E-commerce giant Rakuten Inc. said Friday it would postpone the launch of its own wireless telecommunications network until April, from its original planned date in October, as the firm still needs to install network base stations.
Rakuten Mobile Inc., a unit of the online shopping operator, now plans to offer a free-of-charge service to 5,000 customers in limited areas such as Tokyo and Osaka from next month before rolling out its full network service.
“We would like to accept applications for our full-scale services within this year after ensuring the stability of our network systems,” said Rakuten Chairman and CEO Hiroshi Mikitani at a news conference.
“We will offer (lower) fees to our customers, which other wireless carriers cannot,” he added.
The online shopping operator also said it would not charge cancellation fees or introduce contract terms. It will sell only SIM-free handsets to its customers from October.
The online shopping operator’s move to become Japan’s fourth mobile phone carrier that operates its own network is expected to spur competition in the domestic mobile phone market, long dominated by NTT Docomo Inc., KDDI Corp. and SoftBank Corp.
Rakuten Mobile currently offers mobile services by renting the use of DoCoMo’s and KDDI’s networks, and will gradually shift to its own mobile network from October.

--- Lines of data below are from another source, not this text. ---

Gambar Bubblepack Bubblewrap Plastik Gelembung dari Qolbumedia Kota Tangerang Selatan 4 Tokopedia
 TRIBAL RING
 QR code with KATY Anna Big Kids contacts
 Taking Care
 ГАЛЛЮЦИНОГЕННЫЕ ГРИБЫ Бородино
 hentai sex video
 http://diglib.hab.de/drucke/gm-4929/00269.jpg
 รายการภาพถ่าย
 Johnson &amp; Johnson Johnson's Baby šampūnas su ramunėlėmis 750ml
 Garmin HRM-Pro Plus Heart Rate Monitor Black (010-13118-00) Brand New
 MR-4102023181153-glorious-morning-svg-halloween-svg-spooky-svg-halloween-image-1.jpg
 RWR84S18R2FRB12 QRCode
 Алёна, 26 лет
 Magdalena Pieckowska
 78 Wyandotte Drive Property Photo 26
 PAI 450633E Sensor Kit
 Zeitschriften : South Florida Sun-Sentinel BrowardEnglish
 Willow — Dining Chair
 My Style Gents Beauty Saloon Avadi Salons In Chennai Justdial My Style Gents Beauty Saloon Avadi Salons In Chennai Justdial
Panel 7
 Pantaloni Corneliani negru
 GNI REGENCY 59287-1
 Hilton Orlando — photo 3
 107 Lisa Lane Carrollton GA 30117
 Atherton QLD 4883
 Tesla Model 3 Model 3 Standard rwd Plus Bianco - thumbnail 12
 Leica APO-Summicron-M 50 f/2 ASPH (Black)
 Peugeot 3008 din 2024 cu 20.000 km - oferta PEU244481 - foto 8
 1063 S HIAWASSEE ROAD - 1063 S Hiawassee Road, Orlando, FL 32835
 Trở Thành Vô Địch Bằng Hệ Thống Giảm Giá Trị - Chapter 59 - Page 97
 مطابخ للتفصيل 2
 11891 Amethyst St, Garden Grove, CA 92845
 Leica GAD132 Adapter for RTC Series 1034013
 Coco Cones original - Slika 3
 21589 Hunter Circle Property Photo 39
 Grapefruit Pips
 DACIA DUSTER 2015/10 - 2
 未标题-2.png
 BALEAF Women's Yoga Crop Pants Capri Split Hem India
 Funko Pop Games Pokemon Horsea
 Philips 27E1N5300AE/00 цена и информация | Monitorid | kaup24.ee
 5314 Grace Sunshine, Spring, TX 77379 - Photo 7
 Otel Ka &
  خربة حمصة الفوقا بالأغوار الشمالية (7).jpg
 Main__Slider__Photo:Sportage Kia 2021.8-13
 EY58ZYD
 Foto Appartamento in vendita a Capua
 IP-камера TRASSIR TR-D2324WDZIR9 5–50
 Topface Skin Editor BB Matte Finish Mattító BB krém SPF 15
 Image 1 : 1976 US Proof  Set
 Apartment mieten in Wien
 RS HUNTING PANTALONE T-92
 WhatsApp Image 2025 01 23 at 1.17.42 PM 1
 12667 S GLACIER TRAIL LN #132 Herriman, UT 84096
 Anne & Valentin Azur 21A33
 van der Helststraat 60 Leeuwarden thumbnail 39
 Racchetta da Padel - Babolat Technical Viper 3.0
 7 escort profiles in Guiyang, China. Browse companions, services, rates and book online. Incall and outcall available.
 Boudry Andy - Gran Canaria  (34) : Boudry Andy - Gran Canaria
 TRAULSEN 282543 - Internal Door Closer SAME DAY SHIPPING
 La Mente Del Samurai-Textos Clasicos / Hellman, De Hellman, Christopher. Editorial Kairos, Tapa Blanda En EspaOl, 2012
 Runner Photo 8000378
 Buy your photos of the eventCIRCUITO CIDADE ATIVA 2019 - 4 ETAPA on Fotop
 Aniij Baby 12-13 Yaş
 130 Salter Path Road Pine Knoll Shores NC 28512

The government has called on mobile carriers to lower their fees, which are relatively high compared with other countries. A revised telecommunications business law was enacted in May to encourage them to cut charges.
Rakuten has said it has radically cut the cost of building the new network by using cloud-based software and commoditized hardware, instead of proprietary wireless radios.
However, it has run into delays constructing the network’s base stations due to difficulties securing the necessary land.
The firm has been told by the communications ministry to accelerate the build-out, and now plans to complete its total of 3,432 base stations — mainly in Tokyo, Osaka and Nagoya — by the end of March next year.
Rakuten has a roaming agreement with KDDI to help fill its coverage shortfall. That reliance further impedes the path to profitability for the mobile business, said Kazunori Ito, an analyst with Morningstar.
In a note ahead of the reports on the wireless network delay, Jefferies analyst Atul Goyal said Rakuten “lacks the financial, technical, manpower resources to compete” with the big three incumbents.